気候変動に関する政府間パネル(Intergovernmental Panel on Climate Change: IPCC)が2018年10月8日に公表した1.5°C特別報告書に掲載されている「図の内容」を専門家のさらなる解説を加えて読み解いていきます。

3回目は、気候変動緩和オプション(mitigation options)と持続可能な開発目標(Sustainable Development Goals: SDGs)との関連が書かれている図を取り上げます。非常に多くのことが一つの図にコンパクトにまとめられているのでわかりづらいところがあります。

図SPM.4 緩和のオプションとSDGsを用いた持続可能な開発の間の関連 出典:政策決定者向け要約(SPM)の図SPM.4
日本語訳:「IPCC 1.5°C 特別報告書」ハンドブック、背景と今後の展望〔改訂版〕, IGES. https://pub.iges.or.jp/pub/ipcc1.5handbook

上の図は気候変動緩和オプションとSDGsとの関連を示したものです。持続可能な開発目標は17個あり、気候変動対策は13番目にあります。この13番目の気候変動対策と残りの16個のSDGsとの関連性が示されています。

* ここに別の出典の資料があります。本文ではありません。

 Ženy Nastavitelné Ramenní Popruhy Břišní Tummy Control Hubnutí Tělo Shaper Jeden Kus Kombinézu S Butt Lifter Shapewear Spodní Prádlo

各部門の緩和オプションとSDGsには、正の効果(相乗効果)あるいは負の効果(トレードオフ)が存在する可能性があります。この効果の程度は選択された緩和オプション、緩和政策デザインと地域的な事情や状況によって違います。気温上昇を1.5°Cに抑えるための緩和策を実行することにより、その他のSDGsに対しても多くの相乗効果があります。一方で、十分注意して実行に移さないとSDGsに対して悪影響を生じさせる可能性があります。緩和オプションとSDGs間の相乗効果の数はトレードオフの数より多いと評価されています。

1.5°C経路における緩和策と持続可能な開発との具体的な関係を示す文献は非常に少なく、定量的な評価はあまりされていません。それぞれの因果関係は複雑ですが、図中の棒グラフでは、長さによる関連性の大きさ(関連があるかないかで、影響の大きさではないことに注意)と色の濃淡による確信度のレベル(非常に高い、高い、中程度、低い)のみが書かれており、個々の関連が詳しく述べられていないため、理解を難しくしています。現在IPCC第6次評価報告書の執筆が進んでいますが、この点についての解説も含めた総合的な評価が今後進むことが期待されています。

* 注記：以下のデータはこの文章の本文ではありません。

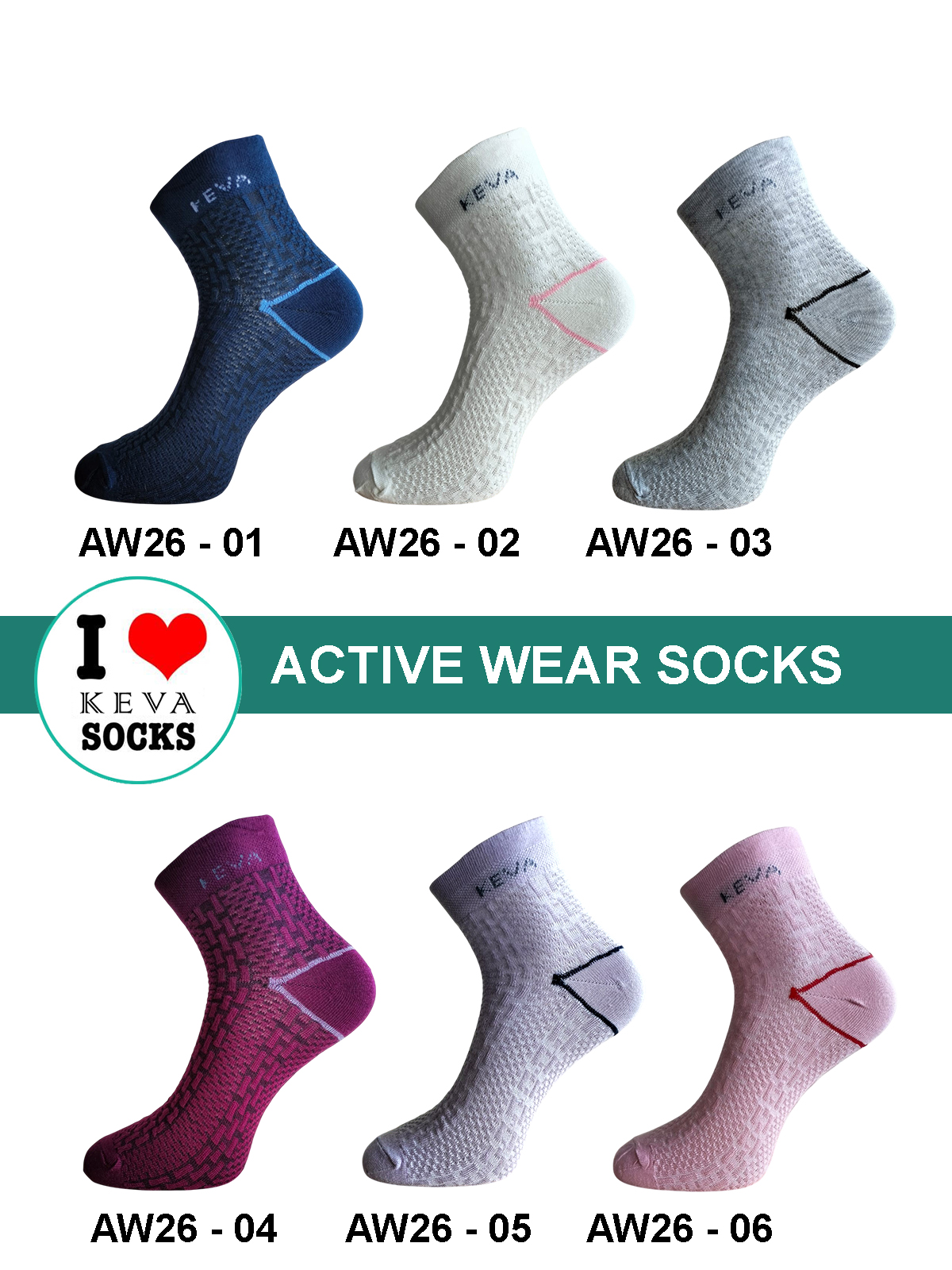 Kevasocks Women Ankle Self Design Socks Activewear 6 Pairs Pack Aw26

ここでは、エネルギー供給緩和オプション、エネルギー需要緩和オプション、土地緩和オプションの3つの部門についてSDGsとの関連性が調べられています。

エネルギー供給部門で評価される緩和オプションには、バイオマスと非バイオマスの再生可能エネルギー、原子力、CCS(二酸化炭素回収貯留)付きバイオマス発電、CCS付き化石燃料発電があります。

エネルギー需要部門で評価される緩和オプションには、運輸、産業、建築部門におけるエネルギーに関する行動変容、エネルギー転換、効率オプション及び産業部門の炭素回収オプションがあります。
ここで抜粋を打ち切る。